Not even the director of his 48 comedies, Yoji Yamada, knew of his death until he had departed, as he had wished, like any ordinary person, without fuss or ceremony. But he has an enduring place in The Guinness Book of Records as the comic hero Tora-san of the world's longest-running movie series. For many years, they were turned out at the rate of two a year, but recently only one would appear in time for the New Year season. The general title of the series was Otoko wa tsurai yo ("It's Tough Being A Man"), a title which expressed perfectly the comedian's own life.

He was born in the downtown Ueno district of Tokyo. His father was a minor newspaper political columnist, and his mother a substitute teacher who took in sewing to make ends meet. Kiyoshi's real name was Tadokoro Yasuo, and when he took his stage name, his mother disapproved, saying "No decent person has two names!" They moved to another district, Itabashi, where Kiyoshi attended the Itabashi Elementary school, before entering the Sugamo Junior High school. He was a reluctant scholar and always had bad marks. When the Second World War broke out, he, like most children, had to work in a factory: in this instance making radiators for aeroplanes. He became leader of a gang of hooligans and was sometimes picked up on the streets by the kempeitai, or "thought police".

After the war, he entered the harsh world of young petty thugs around Ueno Station. Strangely enough, some of these rebels without a cause were later to hold high positions. Kiyoshi's main activity was illegal - smuggling rice from Sendai in the north to Tokyo, a widespread practice in those hungry post-war Occupation days. He sported a slick hairstyle and had some minor racketeer friends.

But his life changed for the better when he joined a small travelling theatre company in which he did odd jobs like operating the curtain, then got small walk-on parts. By June 1951, he was learning the ropes as a stand-up comic at the Million Dollar Gekijo in the working-class amusement district of Asakusa, then graduated to a famous strip-tease theatre, France- za, where many comedians appeared who later became famous. His first script was written for him by a writer who was also to become well known, Inoue Hisashi. But it was an unhealthy existence, and he developed TB. He had to have one of his lungs removed and this changed his life-style to a quieter and more reasonable pace.

He returned from the sanatorium to France-za in 1956 and was spotted by Fuji TV's talent scouts who engaged him for variety shows on the just- emerging small screen.

When I first saw him in 1959, he reminded me of popular British comedians of the old school like George Formby, Albert Burdon or Claud Dampier. Then the broadcasting company NHK contracted him for a variety show, and his television fame soared. He also performed in Fuji TV's 1962 season soap opera O-ban in which he played a cheeky country type, full of vitality, pushy but with an irresistible comic charm.

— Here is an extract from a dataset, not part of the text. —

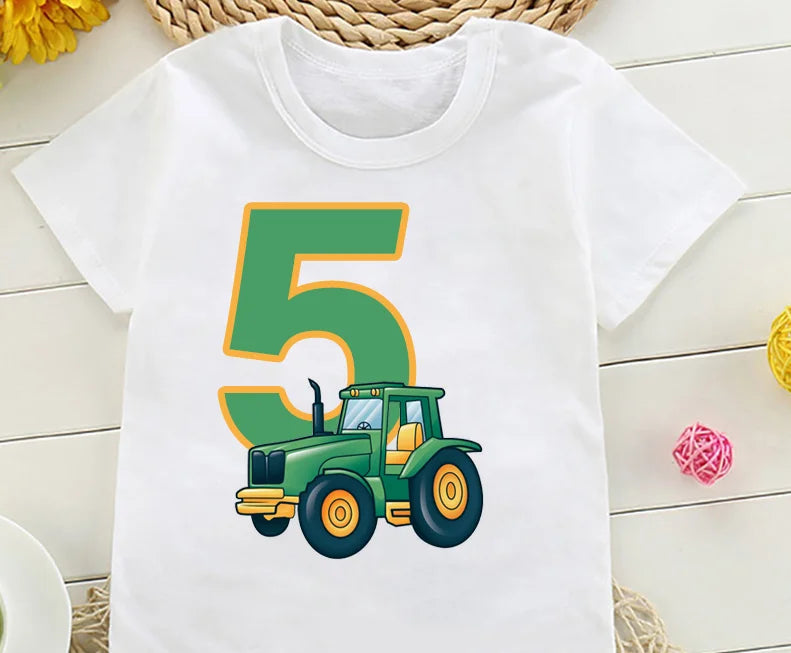 Cute Farmer Tractor 1-8 Years Old Happy Birthday T Shirt Kids Birthday Party Gift Children Funny Present T Shirt Tops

He entered the Shochiku movie company in 1963 in Yoshitaro Nomura's Haikei tenno heika sama ("Greetings, Mr Emperor") which was a big hit. After one or two other unremarkable movies, Fuji TV featured Kiyoshi in the 1968 series directed by Yoji Yamada, Otoko was tsurai yo, which this excellent director made after listening to Kiyoshi telling him his adventurous life story.

In the usual manner of television soap characters he was "killed off" by being written out of the script. This premature demise was caused by a bite from a poisonous snake. But the show had become very popular, and its star's sudden death raised a storm of protest all over Japan. Yamada realised his mistake, and in 1969 the television series became the first Tora-san film.

It was an instant success and saved not only Shochiku but the whole of the Japanese film industry from the decline into which it was slipping. Kiyoshi played the character he was to play in all 48 sequels: a lovable, footloose, kind-hearted fellow who in each episode gets into trouble with his relatives and distresses his sister, Sakura (Cheiko Baisho) with his rustic manners and inappropriate behaviour.

In each movie, there is the theme of love-sickness when Tora-san (Mister Tiger) becomes infatuated with some pretty girl - a type known as "Madonna" after the classic beauty in Natsume Soseki's comic novel Botchan. His love is always, of course, doomed to failure, and at the end of the movie, Tora-san says farewell to his hosts and sets off on another journey across Japan as a travelling salesman. There is pathos as well as comedy in all these adventures and tribulations of working-class life, acutely observed by Yamada, a graduate of the prestigious law department at Tokyo University, who some critics have accused of rather too sharp class-consciousness.

Yamada made several well-received serious films; he is an excellent craftsman, and it is as much his directorial skill as the sublime idiocy of Tora- san that make these comic movies so enchantingly watchable. I saw one last year in Paris, in a cinema full of hilarious Japanese of all ages. Now that Tora-san is no more, there will be less laughter in Japanese movie houses next New Year.

James Kirkup

Tadokoro Yasuo (Kiyoshi Atsumi), comedian: born Tokyo 10 March 1928; married Masako Tadokoro (one son, one daughter); died Tokyo 4 August 1996.